**What you are asked to do**
Take the line containing "Uten Heavy Duty" and every line after it to the end of the data, and write them out exactly as they appear.

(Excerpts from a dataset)
━━━━━━━━━━━━━━━━━━━━
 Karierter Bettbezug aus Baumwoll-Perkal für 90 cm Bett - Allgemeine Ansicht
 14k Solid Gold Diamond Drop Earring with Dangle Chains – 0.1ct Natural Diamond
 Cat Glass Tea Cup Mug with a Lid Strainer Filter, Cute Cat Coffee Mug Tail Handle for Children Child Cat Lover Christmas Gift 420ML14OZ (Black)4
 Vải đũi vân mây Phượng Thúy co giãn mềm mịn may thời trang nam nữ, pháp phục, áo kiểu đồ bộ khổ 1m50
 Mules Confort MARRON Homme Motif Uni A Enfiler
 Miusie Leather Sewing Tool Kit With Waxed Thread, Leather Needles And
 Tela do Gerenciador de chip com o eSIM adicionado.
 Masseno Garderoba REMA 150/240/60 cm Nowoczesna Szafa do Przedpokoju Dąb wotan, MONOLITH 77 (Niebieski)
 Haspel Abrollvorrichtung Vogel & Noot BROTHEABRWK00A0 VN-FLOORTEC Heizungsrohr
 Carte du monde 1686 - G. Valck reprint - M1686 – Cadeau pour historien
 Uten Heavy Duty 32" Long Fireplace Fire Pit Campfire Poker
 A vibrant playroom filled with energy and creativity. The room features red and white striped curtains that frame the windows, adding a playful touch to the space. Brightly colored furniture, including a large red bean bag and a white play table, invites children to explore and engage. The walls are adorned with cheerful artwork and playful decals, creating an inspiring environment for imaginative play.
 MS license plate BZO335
━━━━━━━━━━━━━━━━━━━━
**Answer to the exercise**
 Uten Heavy Duty 32" Long Fireplace Fire Pit Campfire Poker
 A vibrant playroom filled with energy and creativity. The room features red and white striped curtains that frame the windows, adding a playful touch to the space. Brightly colored furniture, including a large red bean bag and a white play table, invites children to explore and engage. The walls are adorned with cheerful artwork and playful decals, creating an inspiring environment for imaginative play.
 MS license plate BZO335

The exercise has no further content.